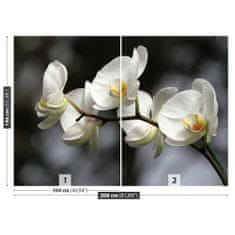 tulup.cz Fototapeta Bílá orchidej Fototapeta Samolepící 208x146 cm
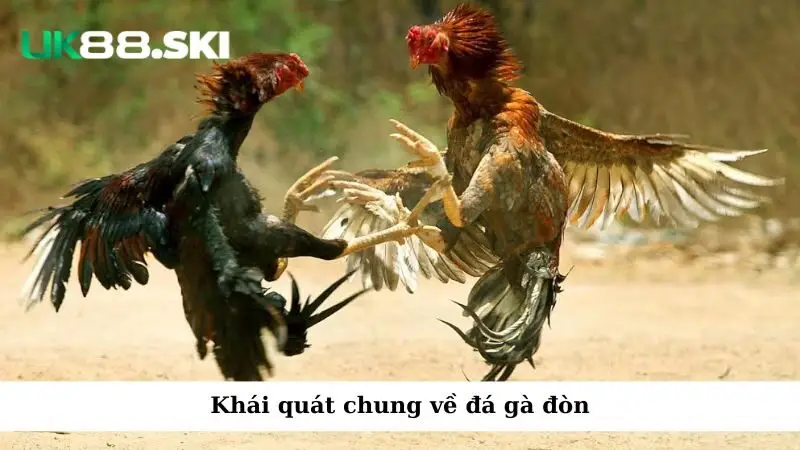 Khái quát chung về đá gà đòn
==
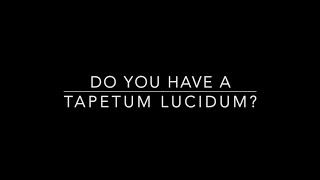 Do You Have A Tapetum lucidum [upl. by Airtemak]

**What to produce:**
Print, word for word, the lines above that run from the line containing "tulup.cz Fototapeta Bílá" to the line containing "Khái quát chung về đá gà đòn", both included. Keep the pictures out.

**Answer:**
 tulup.cz Fototapeta Bílá orchidej Fototapeta Samolepící 208x146 cm
 Khái quát chung về đá gà đòn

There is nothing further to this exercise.